Your goal —
Find the line below with "If you want" and the line with "Changing the theme". Output them and the lines between, exactly, but not the pictures.

(Collected data)
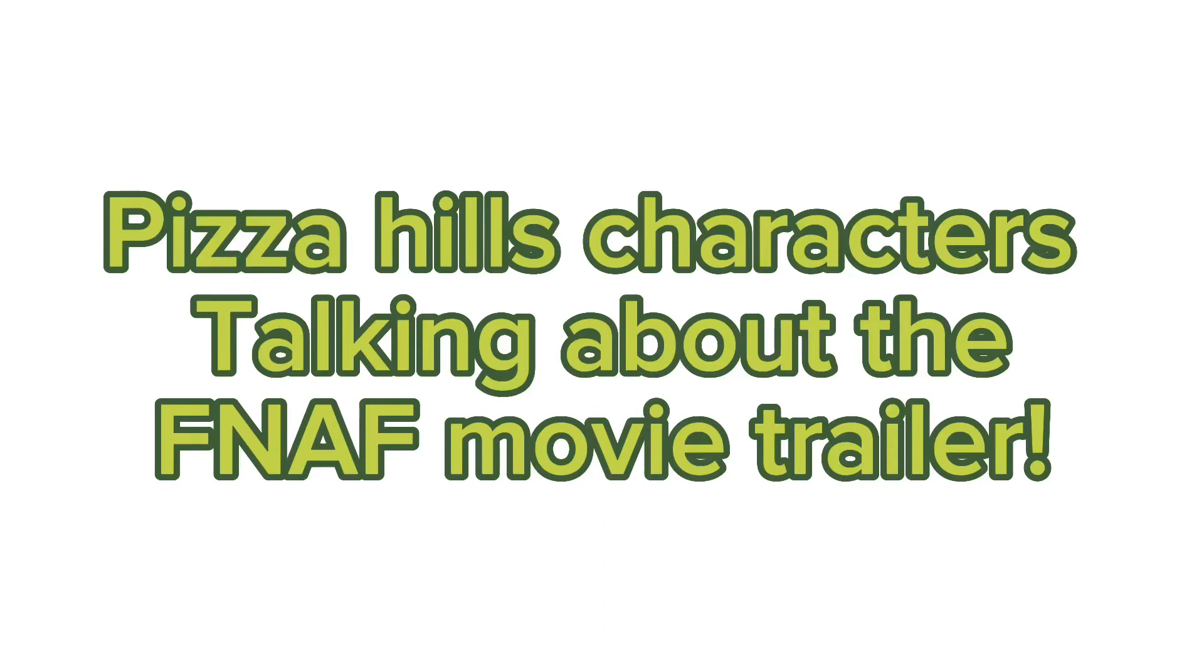Pizza Hills characters, talking about the FNAF movie trailer.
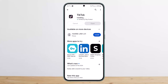If you want to view someone's private account, the simplest thing you can do is follow them. Simply tap on the follow icon on their profile and send them a follow request. If they approve it, you'll be able to see all their content and even see new posts on your feed.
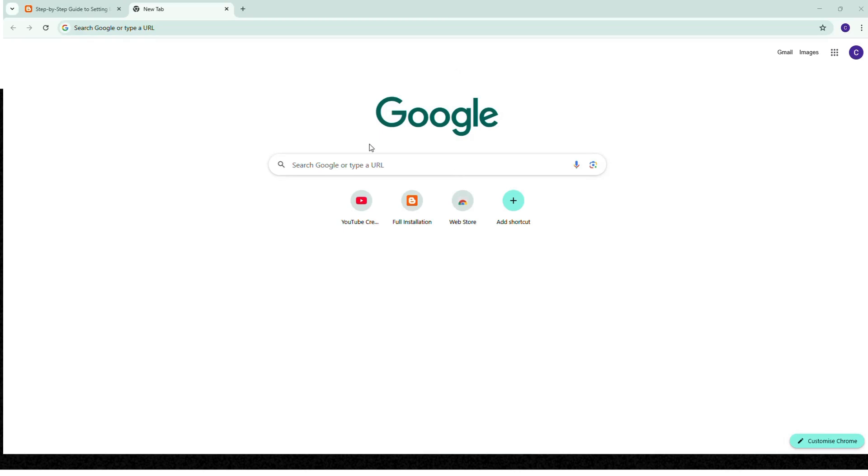Hello friends, how are you? I hope you all are good. Welcome to my channel Compute Nest. In this video we will see how to create a LinkChase project and how to set up LinkChase on our PC.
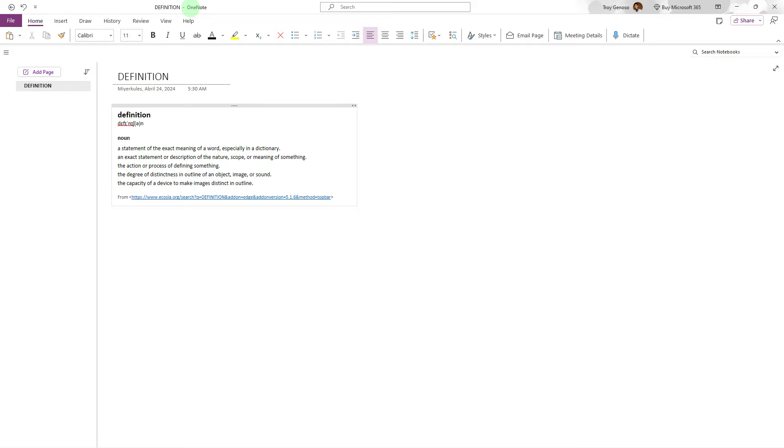Changing the theme in OneNote can help make the app more visually comfortable, especially during different times of day or lighting conditions. Here's how you can change the theme in OneNote for both Windows 10 or other versions.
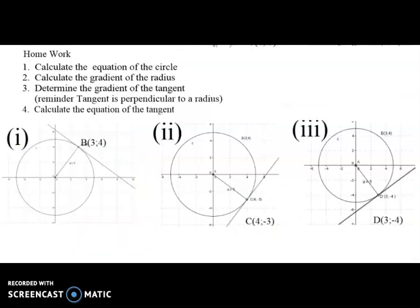To conclude today's lesson, the homework will be the following three exercises: the tangent passing through point (15, 12), the tangent passing through B (3, 4), the tangent passing through (4, −3), and the tangent passing through (3, −4).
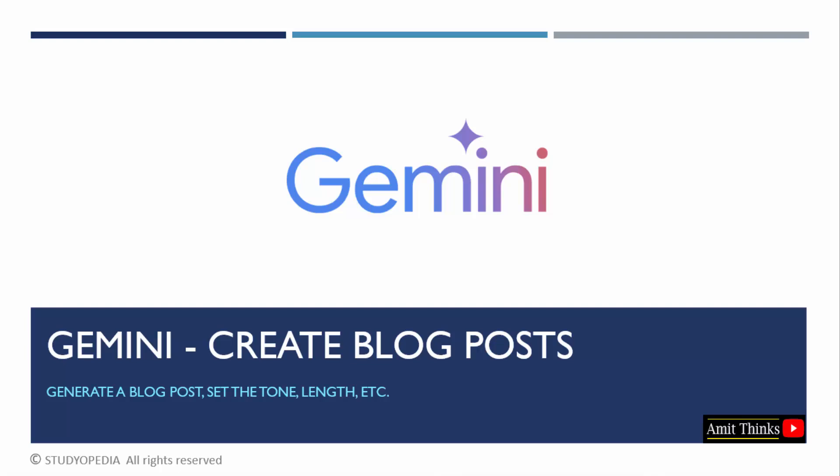In this lesson we will learn how to write a blog post with Google Gemini so we can easily write a blog post, mention how many words we want for the post, and we can also set that we want sections in it or not. So let's see.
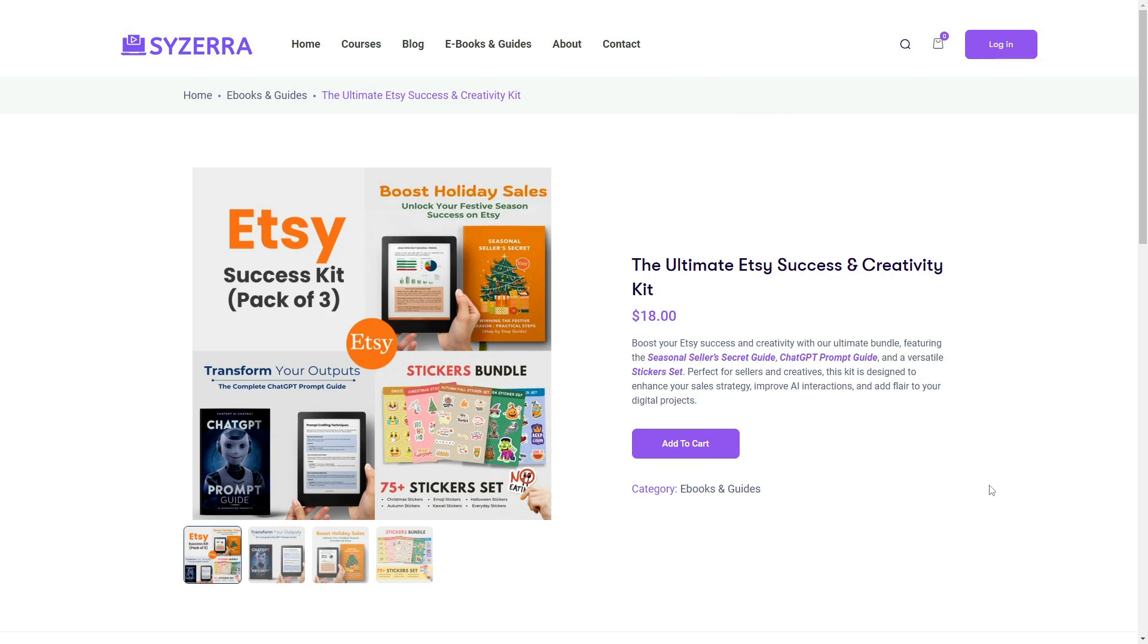We've partnered with them, and I've personally verified their legitimacy, so you can trust them. Once you're on the product page, click Add to Cart.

Task result —
If you want to view someone's private account, the simplest thing you can do is follow them. Simply tap on the follow icon on their profile and send them a follow request. If they approve it, you'll be able to see all their content and even see new posts on your feed.
Hello friends, how are you? I hope you all are good. Welcome to my channel Compute Nest. In this video we will see how to create a LinkChase project and how to set up LinkChase on our PC.
Changing the theme in OneNote can help make the app more visually comfortable, especially during different times of day or lighting conditions. Here's how you can change the theme in OneNote for both Windows 10 or other versions.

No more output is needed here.